[TASK DESCRIPTION]
Search the entries for the word "chart" and return every line where it is found.
------ PROVIDED ENTRIES ------
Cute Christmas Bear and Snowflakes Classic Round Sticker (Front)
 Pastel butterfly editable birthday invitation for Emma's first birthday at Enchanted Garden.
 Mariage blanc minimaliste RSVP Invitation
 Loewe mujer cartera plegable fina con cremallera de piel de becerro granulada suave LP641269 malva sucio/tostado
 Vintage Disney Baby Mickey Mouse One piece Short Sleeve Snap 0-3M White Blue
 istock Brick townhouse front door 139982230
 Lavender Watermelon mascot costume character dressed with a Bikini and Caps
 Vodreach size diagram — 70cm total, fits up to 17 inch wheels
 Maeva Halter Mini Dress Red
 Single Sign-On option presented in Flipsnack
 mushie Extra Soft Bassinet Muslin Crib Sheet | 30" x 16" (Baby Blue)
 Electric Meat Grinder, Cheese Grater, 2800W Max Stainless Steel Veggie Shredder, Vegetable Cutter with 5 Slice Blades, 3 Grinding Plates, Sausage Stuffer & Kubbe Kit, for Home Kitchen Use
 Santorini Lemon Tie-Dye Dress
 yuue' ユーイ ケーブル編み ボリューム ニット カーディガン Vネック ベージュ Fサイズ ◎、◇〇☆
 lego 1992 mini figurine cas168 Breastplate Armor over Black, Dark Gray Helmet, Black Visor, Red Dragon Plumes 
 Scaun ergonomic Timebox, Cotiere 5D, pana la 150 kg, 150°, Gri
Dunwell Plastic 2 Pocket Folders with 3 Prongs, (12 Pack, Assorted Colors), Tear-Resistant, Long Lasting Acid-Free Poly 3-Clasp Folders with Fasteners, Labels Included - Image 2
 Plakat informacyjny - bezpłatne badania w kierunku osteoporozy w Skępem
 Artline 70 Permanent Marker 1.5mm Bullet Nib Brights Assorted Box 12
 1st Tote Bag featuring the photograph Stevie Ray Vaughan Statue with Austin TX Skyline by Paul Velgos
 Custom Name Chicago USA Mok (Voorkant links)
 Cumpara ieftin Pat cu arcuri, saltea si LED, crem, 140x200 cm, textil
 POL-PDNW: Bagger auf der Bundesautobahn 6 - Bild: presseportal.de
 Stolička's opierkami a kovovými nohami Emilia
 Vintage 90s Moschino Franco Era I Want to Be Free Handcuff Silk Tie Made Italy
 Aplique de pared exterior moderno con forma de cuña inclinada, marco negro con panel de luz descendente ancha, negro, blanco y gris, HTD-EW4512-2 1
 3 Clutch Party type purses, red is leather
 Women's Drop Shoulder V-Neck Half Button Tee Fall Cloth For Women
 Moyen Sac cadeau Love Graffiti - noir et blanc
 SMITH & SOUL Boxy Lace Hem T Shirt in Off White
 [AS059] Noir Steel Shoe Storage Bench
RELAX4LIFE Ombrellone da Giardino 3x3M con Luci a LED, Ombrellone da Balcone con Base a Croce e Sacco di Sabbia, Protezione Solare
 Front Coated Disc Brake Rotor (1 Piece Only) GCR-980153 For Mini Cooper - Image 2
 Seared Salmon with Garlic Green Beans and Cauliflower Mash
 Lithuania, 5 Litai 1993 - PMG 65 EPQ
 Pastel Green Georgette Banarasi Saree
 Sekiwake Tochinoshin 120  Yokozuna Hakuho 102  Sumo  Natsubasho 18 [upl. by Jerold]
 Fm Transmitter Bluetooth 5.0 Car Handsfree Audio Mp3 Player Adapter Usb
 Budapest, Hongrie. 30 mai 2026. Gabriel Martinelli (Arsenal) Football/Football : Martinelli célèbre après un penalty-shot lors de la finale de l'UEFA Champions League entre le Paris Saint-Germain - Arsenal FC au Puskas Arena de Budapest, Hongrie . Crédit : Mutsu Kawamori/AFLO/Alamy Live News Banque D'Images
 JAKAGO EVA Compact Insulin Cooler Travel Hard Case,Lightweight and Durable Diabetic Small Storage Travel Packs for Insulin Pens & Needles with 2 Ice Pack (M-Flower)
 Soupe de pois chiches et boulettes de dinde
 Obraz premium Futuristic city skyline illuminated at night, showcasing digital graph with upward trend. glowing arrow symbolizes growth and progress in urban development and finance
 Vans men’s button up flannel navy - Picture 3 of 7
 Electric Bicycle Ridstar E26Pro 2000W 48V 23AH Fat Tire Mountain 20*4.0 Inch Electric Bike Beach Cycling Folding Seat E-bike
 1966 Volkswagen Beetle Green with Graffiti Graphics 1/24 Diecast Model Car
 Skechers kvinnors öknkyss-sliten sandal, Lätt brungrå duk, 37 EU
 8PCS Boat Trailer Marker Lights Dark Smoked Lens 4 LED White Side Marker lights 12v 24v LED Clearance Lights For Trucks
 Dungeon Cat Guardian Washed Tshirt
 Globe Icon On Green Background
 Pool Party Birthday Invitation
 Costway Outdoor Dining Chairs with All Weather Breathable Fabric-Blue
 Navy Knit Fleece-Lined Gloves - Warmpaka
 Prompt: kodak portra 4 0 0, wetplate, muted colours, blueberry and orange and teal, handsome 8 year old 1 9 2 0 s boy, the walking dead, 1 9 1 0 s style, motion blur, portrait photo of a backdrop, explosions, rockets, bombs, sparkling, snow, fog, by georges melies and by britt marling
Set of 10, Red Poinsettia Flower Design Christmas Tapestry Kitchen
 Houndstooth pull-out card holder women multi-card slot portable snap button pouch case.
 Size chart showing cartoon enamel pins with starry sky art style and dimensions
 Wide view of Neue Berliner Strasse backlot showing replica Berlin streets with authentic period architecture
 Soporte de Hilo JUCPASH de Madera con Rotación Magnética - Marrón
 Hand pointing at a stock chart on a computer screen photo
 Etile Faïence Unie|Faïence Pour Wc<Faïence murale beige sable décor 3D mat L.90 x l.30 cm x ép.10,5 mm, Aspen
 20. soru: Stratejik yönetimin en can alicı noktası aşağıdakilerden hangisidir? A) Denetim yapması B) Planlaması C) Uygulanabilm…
------
[SOLUTION TO THIS EXERCISE]
 Size chart showing cartoon enamel pins with starry sky art style and dimensions
 Hand pointing at a stock chart on a computer screen photo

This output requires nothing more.